世界中の"i"に生き続けるjobs
今日、私が世界で2番目に尊敬している人が亡くなった。
訃報を聞いたとき、何故か身内が亡くなったかのような気持ちになった。
僕の生活はAppleに溢れている。
作業部屋にはMacintosh Plus、Macintosh ClassicⅡ、iMac G3、PowerMac G4 cube、PowerMac G5。
寝室ではiPod 5G、MacBook Pro。
普段の持ち歩きにMacBook Air、iPad2、iPod nano。
ここ数年、いつも愛用のMacBook Pro (Early 2008)に向かって世界を眺めてきた。

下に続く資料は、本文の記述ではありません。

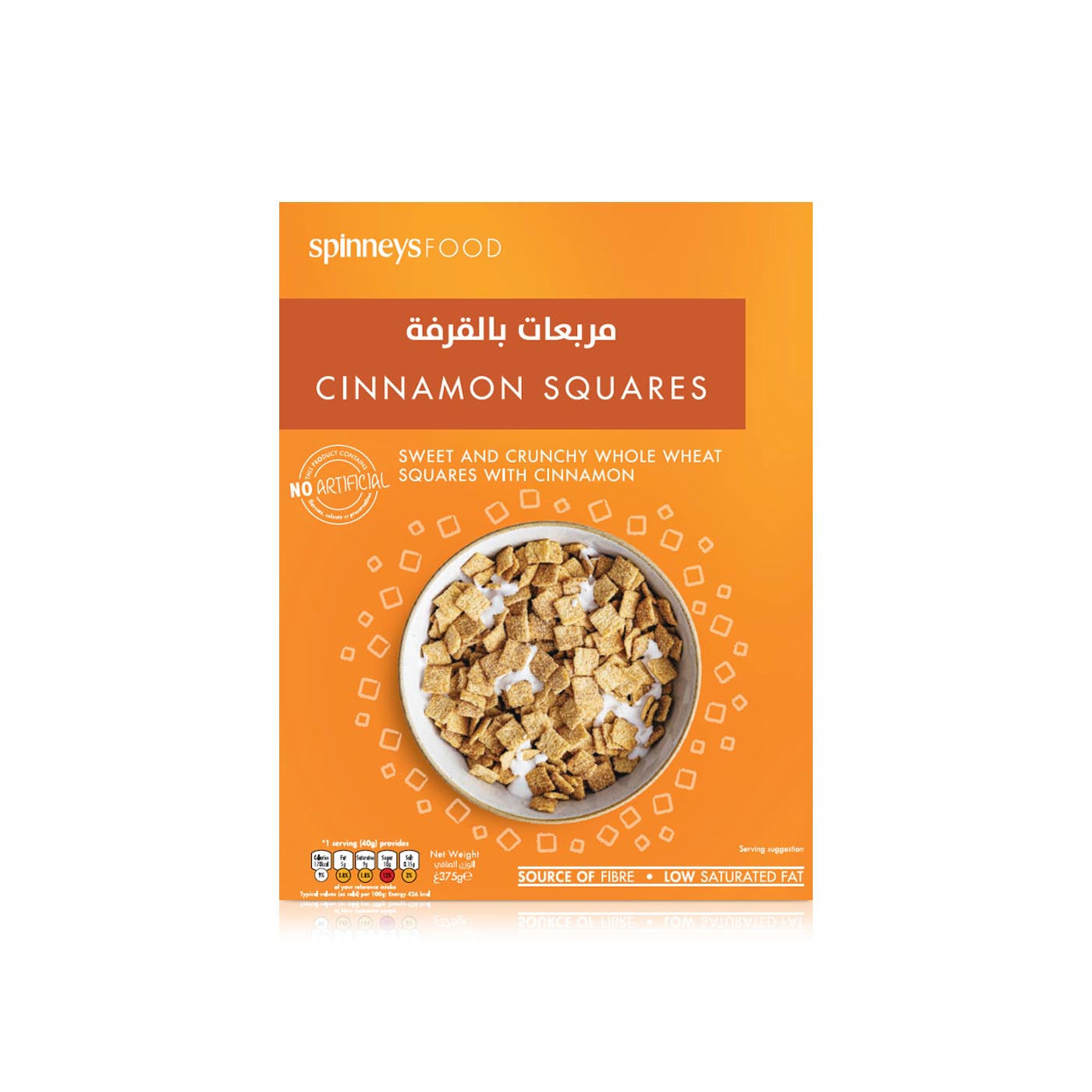 Spinneysfood Cinnamon Squares 375g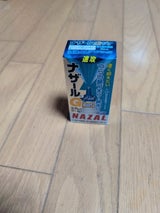 ナザールGスプレークール 30ml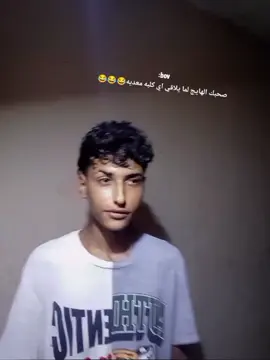 #ترند 
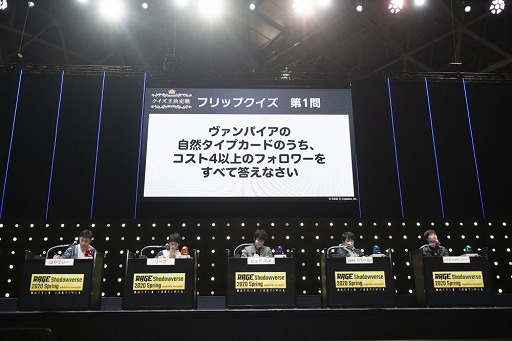 画像ギャラリー No.010のサムネイル画像 / eスポーツ大会「RAGE Shadowverse」が“オンラインTCGで同時に同一会場でプレイした最多人数”でギネス記録を達成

この窓を通して何度も何度もjobsのkeynoteを見た。
jobsが魔法のようなモノを持って誇らしげにステージに立つ度に、世界中の人と一緒に歓喜した。
特に、最近はjobsへの注目が高まっていた気がする。
2008年の8月終わり、シンガポールのオーチャードロードにある高島屋、その中に入ってる紀伊国屋でInside Steve's Brainを買った。
まだ日本訳版のスティーブ・ジョブズの流儀が販売される随分前、その原書を英語教員に貸したことがある。
1週間程経ったあと、小さな付箋紙と一緒に本が返ってきた。
「非常に興味深かったです。ありがとう。」
そして1週間もしないうちに、その教員は携帯をiPhoneに替え、授業で使っていたラジカセをiPod Touchとポータブルスピーカーに替えた。
そういえば、高専入学時の国語の課題は、The Perfect Thing: How the iPod Shuffles Commerce, Culture, and Coolnessの訳書「iPodは何を変えたのか?」を元に何か書いた気がする。(原書も持っている)
僕も魅了された一人だけど、jobsには世界中の人々を魅了するオーラがあった。
実際はjobsのスタイルや生み出したものこそがjobsのオーラなんだろうけど。
Appleが嫌いな人は信者だとか宗教だとか言うけど、本当にAppleはそういうものなんじゃないかなって思う。
jobsが居なくなった今、jobsが神格化されるだの何だの言われてるけど、jobsは死ぬ前から神みたいな存在だった気がする。
魔法のようなデバイスを持って登壇するjobsを今か今かとMacの前で待ち続ける様は、さながら神のありがたい言葉を待つかのようだった。
jobsが言葉を発したとき、その聞き取りやすく優しい英語は世界中のユーザーの心をくすぐり、発売日にApple Storeの前に長蛇の列を作らせる。
そんなjobsに僕たちはメロメロだったんだろう。
jobsは終わりなき旅に出てしまった。
でも、jobsの魂は世界中に散らばったiの中に生き続ける。
今日も明日も明後日も。
僕たちの生活の中に溢れる沢山のAppleが僕や世界中の人々の生活を豊かにしてくれるから。
ありがとうjobs、やすらかにお休みください。
追伸:逝くの早すぎ。この世はinnovateしつくしたって?ふざけんなよ。「しまった!早すぎた!」と後悔するくらいに俺たちがinnovateしてやるから。指くわえて見てろよjobs!